_Extracted information_
◆ ◆ ◆ ◆ ◆
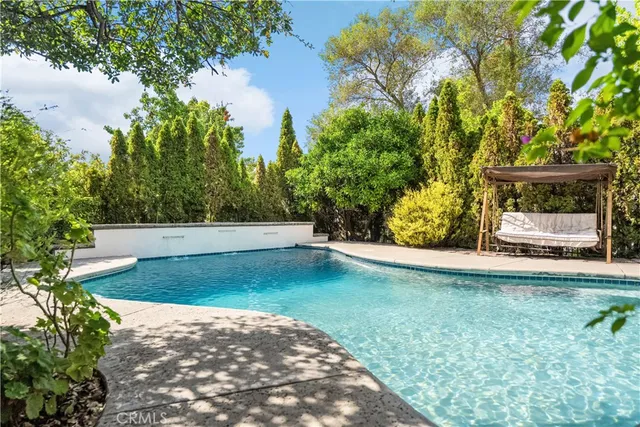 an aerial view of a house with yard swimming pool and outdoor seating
◆ ◆ ◆ ◆ ◆
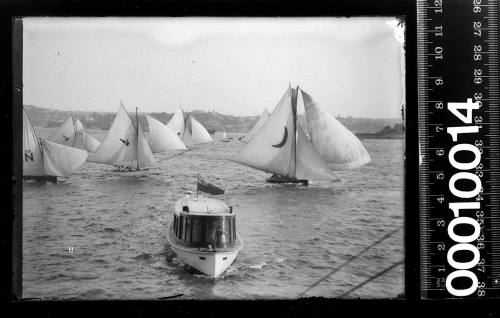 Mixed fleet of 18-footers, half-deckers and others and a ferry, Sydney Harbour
◆ ◆ ◆ ◆ ◆
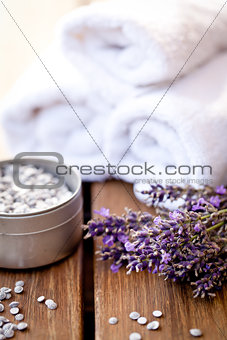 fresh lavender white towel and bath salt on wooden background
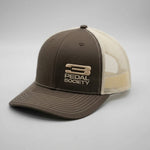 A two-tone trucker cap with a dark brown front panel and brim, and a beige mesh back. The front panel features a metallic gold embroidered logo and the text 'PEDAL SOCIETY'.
◆ ◆ ◆ ◆ ◆
_Exercise description_
Copy the lines above exactly, starting with the line that contains "fresh lavender white" and ending with the line that contains "A two-tone trucker", and leave out any pictures.

_Written reply_
 fresh lavender white towel and bath salt on wooden background
 A two-tone trucker cap with a dark brown front panel and brim, and a beige mesh back. The front panel features a metallic gold embroidered logo and the text 'PEDAL SOCIETY'.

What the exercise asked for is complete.